3°) Alors que la responsabilité délictuelle ne peut être engagée qu'en présence d'une faute, d'un préjudice et d'un lien de causalité entre la faute et le préjudice ; que, pour caractériser ce lien de causalité, il n'y a pas lieu de retenir un facteur lorsque l'on peut estimer qu'en son absence, le dommage se serait en tout état de cause produit ; qu'il s'évinçait nécessairement de ce que M. et Mme X... reconnaissaient avoir « des difficultés à payer leurs charges » (p. 3) et de ce que MM. Y... et Z... avaient indiqué que « le compte courant des charges dues par les époux X... dont l'appartement contribue pour près de 20 % au budget, présentait un solde débiteur depuis le 31 décembre 2004 (…), ce qui a conduit le syndicat des copropriétaires de l'immeuble du... à faire assigner les demandeurs en paiement des charges, à plusieurs reprises » (p. 4), que l'ensemble des copropriétaires étaient au courant des difficultés des époux X... à payer leurs charges, depuis l'année 2004 et que les notes affichées en 2013 n'apportaient donc aucune information nouvelle à ce sujet ; qu'en considérant néanmoins que les époux X... avaient subi un préjudice du fait de l'affichage des notes litigieuses par MM. Y... et Z..., sans rechercher si le dommage dont se plaignent M. et Mme X... aurait tout de même pu se produire en l'absence de ces notes, la juridiction de proximité a privé sa décision de base légale au regard de l'article 1382 du code civil ;

4°) Alors que la réparation d'un préjudice ne saurait revenir à défendre des intérêts ou des situations contraires à l'ordre public ; que l'obligation qui pèse sur les copropriétaires de payer les charges de l'immeuble est une règle d'ordre public ; qu'en jugeant que M. et Mme X... avaient subi un préjudice du fait de l'information qui aurait été donnée par les affiches litigieuses de ce que leurs défauts de paiement des charges étaient à l'origine de divers retards dans l'exécution de travaux dans l'immeuble, sans rechercher si ce préjudice n'était en réalité pas fondé sur un manquement contraire à une règle d'ordre public, la juridiction de proximité a privé sa décision de base légale au regard de l'article 1382 du code civil, ensemble l'article 10 de la loi du 10 juillet 1965 ;

5°) Alors que la dénaturation est une erreur flagrante d'appréciation du sens d'un acte clair ; que l'attestation de Mme B... établie le 15 mai 2013 indique qu'« (…) une femme, relativement âgée, est apparue.

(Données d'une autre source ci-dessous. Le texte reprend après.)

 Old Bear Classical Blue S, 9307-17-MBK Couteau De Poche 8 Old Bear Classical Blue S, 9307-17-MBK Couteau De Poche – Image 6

Elle descendait les escaliers et s'en est vertement prise à Hanna, en lui disant qu'elle devait avoir honte de ses parents et que ceux-ci devaient payer leurs charges » ; que le jugement attaqué relève (p. 4) pourtant « une attestation de Madame Elisabeth B... en date du 15 mai 2013, certifiant avoir été témoin d'une admonestation adressée à la fille des demandeurs (…) par une personne de l'immeuble lui disant qu'elle devait avoir honte de ses parents et que ceux-ci devraient payer leurs charges (…) » ; qu'en statuant ainsi, alors que la distinction entre personne résidente et non résidente de l'immeuble est essentielle quant à l'identification de M. et Mme X... comme étant à l'origine des retards dans l'exécution des travaux dans l'immeuble, et donc, quant à la qualification du préjudice prétendument subi par M. et Mme X..., la juridiction de proximité a méconnu le principe tiré de l'obligation faite au juge de ne pas dénaturer les documents de la cause."